Estimated Tax Due Dates for 2026 (and 2025)
The four quarterly deadlines, the oddly-shaped periods they cover, and what it actually costs when you miss one.
Tax year 2026 deadlines
| Payment | Income earned | Due date | Day |
|---|---|---|---|
| Q1 | Jan 1 – Mar 31, 2026 | April 15, 2026 | Wednesday |
| Q2 | Apr 1 – May 31, 2026 | June 15, 2026 | Monday |
| Q3 | Jun 1 – Aug 31, 2026 | September 15, 2026 | Tuesday |
| Q4 | Sep 1 – Dec 31, 2026 | January 15, 2027 | Friday |
All four 2026 dates fall on business days — no weekend shifts this cycle. When a deadline does land on a weekend or legal holiday, it moves to the next business day. Federally declared disaster areas can get postponed deadlines; check IRS disaster relief announcements for your state.
Tax year 2025 deadlines (for returns being filed in 2026)
| Payment | Income earned | Due date | Note |
|---|---|---|---|
| Q1 | Jan 1 – Mar 31, 2025 | April 15, 2025 | |
| Q2 | Apr 1 – May 31, 2025 | June 16, 2025 | June 15 was a Sunday |
| Q3 | Jun 1 – Aug 31, 2025 | September 15, 2025 | |
| Q4 | Sep 1 – Dec 31, 2025 | January 15, 2026 |
The trap in the calendar
Notice the periods: the second "quarter" covers only two months (April–May), and the fourth stretches across four. People who set a simple "every 3 months" reminder routinely miss June 15 — and June is the single most-missed deadline of the cycle. The math doesn't care about fairness: each missed installment starts its own penalty meter.
What actually happens when you miss one
- No letter arrives. Nothing happens visibly. The IRS bills you after you file — meanwhile the underpayment quietly accrues interest-style penalty at the current IRS rate (6–7% during 2026), day by day.

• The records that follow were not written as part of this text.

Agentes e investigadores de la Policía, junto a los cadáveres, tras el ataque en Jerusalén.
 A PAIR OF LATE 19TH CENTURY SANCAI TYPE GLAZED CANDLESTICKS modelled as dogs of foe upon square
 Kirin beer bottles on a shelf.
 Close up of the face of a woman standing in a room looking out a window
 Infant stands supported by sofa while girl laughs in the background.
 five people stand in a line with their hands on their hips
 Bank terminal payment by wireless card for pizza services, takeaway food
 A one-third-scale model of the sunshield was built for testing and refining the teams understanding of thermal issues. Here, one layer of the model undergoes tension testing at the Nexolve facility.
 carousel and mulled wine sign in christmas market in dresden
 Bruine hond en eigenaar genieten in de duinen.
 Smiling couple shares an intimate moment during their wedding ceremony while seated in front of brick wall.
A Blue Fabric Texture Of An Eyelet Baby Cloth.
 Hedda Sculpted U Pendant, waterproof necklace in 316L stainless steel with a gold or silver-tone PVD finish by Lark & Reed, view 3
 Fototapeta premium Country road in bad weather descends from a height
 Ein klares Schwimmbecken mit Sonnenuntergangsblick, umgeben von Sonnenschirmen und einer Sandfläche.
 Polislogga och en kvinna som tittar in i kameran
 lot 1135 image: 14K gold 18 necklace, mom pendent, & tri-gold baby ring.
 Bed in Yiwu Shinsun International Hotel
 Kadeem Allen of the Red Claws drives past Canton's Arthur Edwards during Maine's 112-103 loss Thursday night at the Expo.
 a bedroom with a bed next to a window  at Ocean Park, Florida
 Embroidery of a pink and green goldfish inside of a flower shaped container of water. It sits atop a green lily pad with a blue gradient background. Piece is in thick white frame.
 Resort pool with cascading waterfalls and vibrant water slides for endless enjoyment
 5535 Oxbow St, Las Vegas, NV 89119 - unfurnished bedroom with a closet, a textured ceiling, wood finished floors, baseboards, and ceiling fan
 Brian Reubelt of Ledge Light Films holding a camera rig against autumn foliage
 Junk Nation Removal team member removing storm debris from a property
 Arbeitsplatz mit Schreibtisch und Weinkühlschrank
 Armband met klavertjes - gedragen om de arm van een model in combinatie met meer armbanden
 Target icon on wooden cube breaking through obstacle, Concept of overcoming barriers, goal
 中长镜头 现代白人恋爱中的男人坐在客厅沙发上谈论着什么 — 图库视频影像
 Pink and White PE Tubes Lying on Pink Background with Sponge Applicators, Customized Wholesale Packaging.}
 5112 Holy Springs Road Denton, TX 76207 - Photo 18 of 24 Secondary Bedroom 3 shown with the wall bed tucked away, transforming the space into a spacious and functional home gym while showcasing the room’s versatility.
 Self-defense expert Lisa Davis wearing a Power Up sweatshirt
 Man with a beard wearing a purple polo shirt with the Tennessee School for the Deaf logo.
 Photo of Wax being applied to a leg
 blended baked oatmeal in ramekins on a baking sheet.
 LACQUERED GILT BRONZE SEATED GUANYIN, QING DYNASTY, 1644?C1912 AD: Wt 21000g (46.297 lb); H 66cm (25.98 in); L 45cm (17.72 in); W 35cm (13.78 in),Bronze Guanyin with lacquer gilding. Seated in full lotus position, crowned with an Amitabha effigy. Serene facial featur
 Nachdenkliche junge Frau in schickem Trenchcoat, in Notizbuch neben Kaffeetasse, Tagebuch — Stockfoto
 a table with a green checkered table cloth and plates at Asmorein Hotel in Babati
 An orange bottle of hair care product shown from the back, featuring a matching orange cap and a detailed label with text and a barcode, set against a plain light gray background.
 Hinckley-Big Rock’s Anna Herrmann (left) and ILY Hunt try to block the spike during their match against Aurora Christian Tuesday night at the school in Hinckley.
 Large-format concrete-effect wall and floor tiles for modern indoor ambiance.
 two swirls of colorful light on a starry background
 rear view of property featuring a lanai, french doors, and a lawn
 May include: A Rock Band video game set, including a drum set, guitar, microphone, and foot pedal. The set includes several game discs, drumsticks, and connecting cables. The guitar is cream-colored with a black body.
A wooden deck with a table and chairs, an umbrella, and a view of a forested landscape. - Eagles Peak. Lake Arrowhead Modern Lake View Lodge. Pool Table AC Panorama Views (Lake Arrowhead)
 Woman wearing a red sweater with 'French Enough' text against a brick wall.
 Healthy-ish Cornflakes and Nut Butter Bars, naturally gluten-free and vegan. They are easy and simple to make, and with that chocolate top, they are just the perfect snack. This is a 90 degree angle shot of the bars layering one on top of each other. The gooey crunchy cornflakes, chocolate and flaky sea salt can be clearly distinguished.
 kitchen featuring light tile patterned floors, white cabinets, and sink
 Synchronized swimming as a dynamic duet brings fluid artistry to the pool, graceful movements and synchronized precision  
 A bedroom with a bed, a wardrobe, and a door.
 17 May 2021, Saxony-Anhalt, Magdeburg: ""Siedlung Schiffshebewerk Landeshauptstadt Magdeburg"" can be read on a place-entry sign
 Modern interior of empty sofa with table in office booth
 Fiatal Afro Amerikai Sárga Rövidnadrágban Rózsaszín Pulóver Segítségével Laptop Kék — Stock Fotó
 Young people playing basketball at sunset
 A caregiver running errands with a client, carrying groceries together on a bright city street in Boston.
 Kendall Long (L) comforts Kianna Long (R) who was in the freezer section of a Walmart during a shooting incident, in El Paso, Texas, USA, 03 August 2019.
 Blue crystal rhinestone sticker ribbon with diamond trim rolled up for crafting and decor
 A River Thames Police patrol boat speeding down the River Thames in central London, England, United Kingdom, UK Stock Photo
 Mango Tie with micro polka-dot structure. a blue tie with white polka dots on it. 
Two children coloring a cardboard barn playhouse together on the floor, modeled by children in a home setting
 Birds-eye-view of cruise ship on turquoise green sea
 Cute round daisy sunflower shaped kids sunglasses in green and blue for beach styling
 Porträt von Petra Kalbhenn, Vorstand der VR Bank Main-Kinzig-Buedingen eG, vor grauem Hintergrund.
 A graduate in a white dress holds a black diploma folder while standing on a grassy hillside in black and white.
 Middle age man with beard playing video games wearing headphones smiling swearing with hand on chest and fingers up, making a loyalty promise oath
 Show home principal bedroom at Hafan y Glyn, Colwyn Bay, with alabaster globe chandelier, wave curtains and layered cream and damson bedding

- Paying late still helps — a lot. The meter runs from the due date until the day you pay (or the following April 15 at the latest). A payment made one week late costs a few dollars; the same payment made ten months late costs roughly forty times more.
- You can't fix timing retroactively with an estimated payment — but extra withholding later in the year counts as if paid evenly across all four quarters. A December withholding boost can cure a June miss.
- The Q4 escape hatch: skip the January 15, 2027 payment penalty-free if you file your complete return and pay the full balance by February 1, 2027 (January 31 is a Sunday).
Already missed one? Get the exact damage and the "pay this much today to stop the meter" number: IRS underpayment penalty calculator →
Who needs to pay quarterly at all
Broadly: anyone who expects to owe $1,000 or more after withholding — typically freelancers, contractors, landlords, and investors without enough W-2 withholding to cover their full bill. If withholding plus credits will cover the safe-harbor amount, quarterly payments aren't required.